Sicuramente uno degli argomenti più caldi dell’estate, quello dell’arrivo nelle nostre acque del mitico Granchio Blu. Scopriamo come è arrivato fino a noi.
Decisamente la star della scorsa estate per via dei sempre più frequenti avvistamenti nelle nostre acque, il granchio reale o blu, o granchio azzurro, il cui nome è Callinectes sapidur, è un crostaceo appartenente alla famiglia dei Portunidi. Ovvero una specie che di norma si trova principalmente nelle coste atlantiche del continente americano. Da qualche tempo però sembra ormai stabile nei nostri territori. Come è arrivato?
Originariamente infatti questa specie è originaria dell’Oceano Atlantico e la si trova in abbondanza nelle zone di Nuova Scozia ed Argentina. Si spinge spesso anche lungo i fiumi, perché la sua particolarità è proprio quella di tollerare anche livelli di salinità più basi del normale.
La specie arriva a misurare fino a 15 cm di lunghezza e 23 cm di larghezza. Effettivamente è di colore blu, di forma ellittica e presenta anche due spuntoni ai due lati del corpo e margine anteriore. A colpo d’occhio vi accorgerete che presenta zampe allungate, più grandi negli esemplari maschi che nelle femmine.
Durante la muta inoltre appaiono delle curiose macchiette rosa che acquistano man mano colore, diventando sempre più rosse. Si stima che le femmine possano produrre circa 2 milioni di uova. I primi avvistamenti in Italia risalgono in realtà al 1949 e al 1951 e successivamente al 1970, in maniera in realtà molto sporadica e nei territori di Genova e Sicilia.
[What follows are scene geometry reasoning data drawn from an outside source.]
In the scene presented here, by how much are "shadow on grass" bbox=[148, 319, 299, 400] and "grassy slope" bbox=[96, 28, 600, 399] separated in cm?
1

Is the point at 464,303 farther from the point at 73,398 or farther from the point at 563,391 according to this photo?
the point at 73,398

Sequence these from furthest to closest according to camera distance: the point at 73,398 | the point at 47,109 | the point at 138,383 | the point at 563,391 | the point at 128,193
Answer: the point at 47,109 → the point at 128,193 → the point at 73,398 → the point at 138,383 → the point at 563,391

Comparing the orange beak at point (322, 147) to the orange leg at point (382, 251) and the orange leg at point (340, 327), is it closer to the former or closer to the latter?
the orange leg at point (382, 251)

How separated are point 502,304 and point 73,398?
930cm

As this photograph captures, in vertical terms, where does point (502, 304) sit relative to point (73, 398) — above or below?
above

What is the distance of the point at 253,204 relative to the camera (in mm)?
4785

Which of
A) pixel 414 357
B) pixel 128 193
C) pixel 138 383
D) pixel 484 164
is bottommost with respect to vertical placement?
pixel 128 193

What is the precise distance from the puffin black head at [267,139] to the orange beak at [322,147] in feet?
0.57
Questo almeno fino ad aprile 2023, quando a quanto pare la presenza del granchio è diventato sempre più invadente, con segnalazioni nel Delta del Po e Porto Garibaldi. E da agosto 2023 invece è stato segnalato in maniera sempre più copiosa all’Isola d’Elba, a Uguento e nel Salento.
Come è arrivato?Tramite l’acqua di zavorra incamerata per zavorrare le navi, molti esemplari della specie sono stati introdotti loro malgrado in diverse parti del mondo, Mare del Nord, Mar Nero, Mar Giallo, Mar Baltico.
Le acque di zavorra, sono note anche con il nome di Ballast’s water. Si tratta di quelle acque che le navi prelevano o rilasciano per mantenere stabilità durante il tratto di navigazione. In generale vengono pompate all’interno di alcuni serbatoi di zavorra (da qui il nome) che si trovano internamente alle imbarcazioni, dove si trovano gli spazi tra la struttura della nave ed il doppio fondo.
Questo meccanismo le rende però un vettore importante di propagazione di specie, alcune anche invasive. Questo perché prelevano l’acqua in una zona, e tutto quello che vi si trova all’interno, prelevandola in un’altra. Spesso rilasciando anche plancton, alghe, larve, uova. Dove però non trovandosi predatori naturali che ne ostacolano la sopravvivenza, se le condizioni ambientali lo consentono, possono svilupparsi e propagarsi a vista d’occhio. Facile comprendere come questo, come nel caso del granchio blu, possa comportare danni agli ecosistemi locali, agli habitat ed anche alle specie che già vivono in queste zone.
Questo può causare danni agli ecosistemi locali e alla biodiversità, alterando l’equilibrio ecologico e danneggiando le attività economiche basate sul mare.
Naturalmente le istituzioni hanno già adottato strategie per mettere un freno a questa situazione. Pare infatti che entro il 2024, le navi dovranno avere obbligatoriamente dotarsi di un sistema di trattamento per questa acque di zavorra. Quando dovranno scaricare le acque in un porto diverso, prima di tutto dovranno prima procedere al trattamento e disinfezione e scaricare ad almeno 200 miglia dalla costa.